And that demographic nightmare is not the only thing keeping Arief up at night. Danamon is now the country’s fourth-largest bank, following its merger with eight smaller financial institutions in July 2000. Danamon itself was taken over by the government last year because of its large portfolio of nonperforming loans, a legacy of the economic crisis which hobbled the country in 1997 and 1998.
By May 2000, however, the new management lineup and the Indonesian Bank Restructuring Agency (IBRA) had made enough progress to win approval for recapitalization bonds worth 30 trillion rupiah ($3.4 billion). Still, Arief, who brings four years of experience at Citibank to the table, knows the bank’s troubles are far from over. New competition from Web-based banking channels, as well as heightened consumer expectations, will see to that.
Arief also knew the bank’s incumbent computer systems, internally developed, were simply not up to the job: “The system was online but not [able to do transactions in] real-time,” he recalls. A fresh start was needed.
After contemplating a raft of options the bank focused on a shortlist of four vendors. In July, it signed with US-based Fiserv, a specialist supplier to many financial institutions around the world, including two of the banks subsumed by Danamon. Fiserv’s eight years of experience in Indonesia helped to clinch the deal.

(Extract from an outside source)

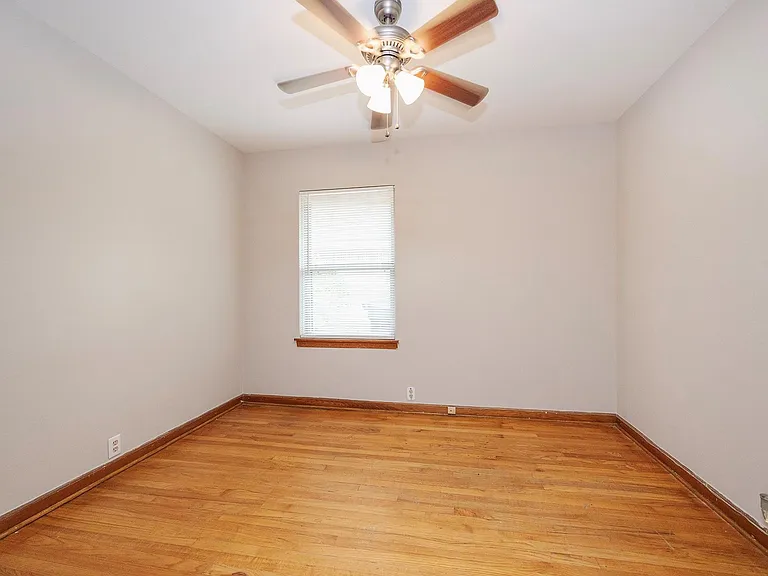 1018 W 31st St — Photo 37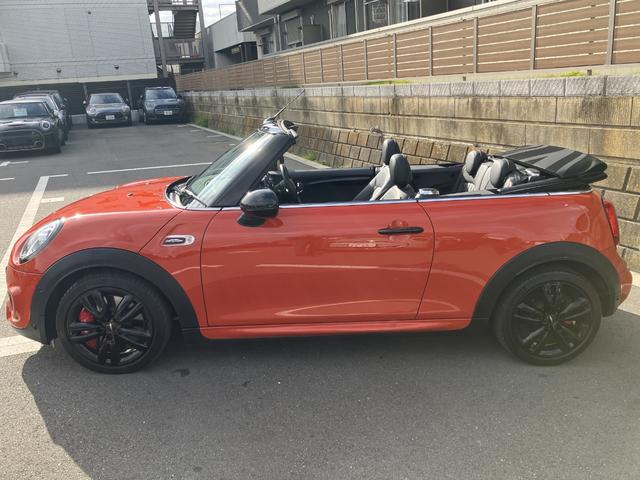 ＭＩＮＩ ジョンクーパーワークス　コンバーチブル　禁煙車　ＡＣＣ　黒革シート　シートヒーター　パドルシフト　衝突軽減ブレーキ　前車接近警告　ＨＤＤナビ　バックカメラ　パーキングアシスト　スマートキー（4枚目）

Its International Comprehensive Banking System product, which will form the backbone of Bank Danamon’s core banking system, automates all interactions with customers including transaction processing and account management. Called customer relationship management (CRM), it’s the software system that Arief thinks will set his bank ahead of the crowd. In the short term, this means improvements to the bank’s call centers and over- the-counter service at branches. Down the track, electronic banking and even wireless transactions will be possible. (For a list of CRM vendors, see “Calling All Customers,” at the end of this article.)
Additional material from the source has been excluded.